Jorge Martin flew to a second MotoGP pole in his rookie season at the Red Bull Ring with a late charge, while Fabio Quartararo lost out due to track limits.
Martin had displayed strong speed in FP3 on Saturday morning to bag himself a direct-to-Q2 berth before posting a time good enough to complete the provisional front row in the opening stages of the pole shootout, slotting just behind Quartararo and factory Ducati rider Jack Miller.
Ducati soon came to the fore though as Francesco Bagnaia kicked off the deciding final time attacks, the Italian shooting to the top spot with a 1:23.038s, a time just a few hundredths faster than the Yamaha man.
Martin though had designs on a second pole of the year-his first coming in the second round of the year in Qatar-as he banged in the first sub-1:23 tour of the Styrian Grand Prix weekend-a 1:22.994s-to storm to the head of the timesheets.
A dream return to the front looked to be dashed as Quartararo lapped just under half-a-tenth quicker to put his M1 back on top, though he was swiftly relegated back once again after losing his improved time due to a track limits infringement-leaving Martin on pole once again.
A late improvement for Bagnaia ultimately fell away to leave him completing a Ducati 1-2 behind his rookie stable-mate, with series leader Quartararo keen to try and keep control of his points advantage from the front row on Sunday.

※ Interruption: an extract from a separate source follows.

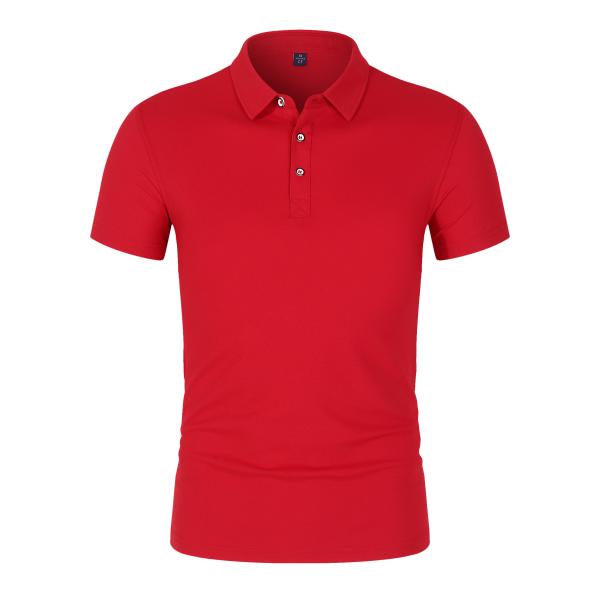 Custom Polo Shirt Print Or Embroidery Design Logo High Quality Cotton Polyester Men'S Golf Business Polo Shirt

Jack Miller made it three Desmosedici’s in the top four on the second factory machine ahead of Suzuki’s Joan Mir who scored his best starting slot of the year so far, while Johann Zarco also performed strongly to put all four GP20 Ducati’s in the top half-dozen grid spots.

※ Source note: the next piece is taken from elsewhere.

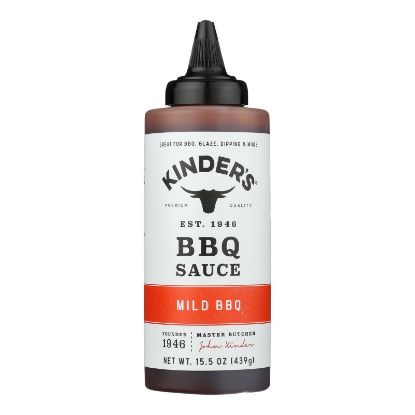 Kinder's - Sauce Bbq Mild - CS of 6-15.5 OZ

Aleix Espargaro was seventh for Aprilia ahead of Marc Marquez-who crashed on his final flyer and thus failed to improve- while the second Yamaha of Maverick Vinales struggled to match his Saturday morning speed en-route to ninth.
Takaaki Nakagami completed the top ten for LCR Honda ahead of team-mate Alex Marquez, while KTM’ Miguel Oliveira-still nursing the injured hand he suffered in his fearsome crash on Friday-completed the 12 Q2 runners.
Enea Bastianini meanwhile was unluckly to miss out on a Q2 passage after initially topping the preceding Q1 session only to lose his time due to track limits at Turn 8-leaving him a lowly 20th as a result-while Alex Rins was the unlucky man to just miss out on a spot in Q2 down in 13th.
Bastianini’s disappointment at least saved KTM’s blushes as it allowed Oliveira to take the final Q2 spot alongside Alex Marquez, the manufacturer almost losing all its bikes in the opening qualifying segment at its home encounter.
Dani Pedrosa also fell victim to track limits but still qualified a respectable 14th ahead of the second factory Honda of Pol Espargaro and Brad Binder, with Petronas SRT Yamaha duo Valentino Rossi and Cal Crutchlow ending up 17th and 23rd respectively.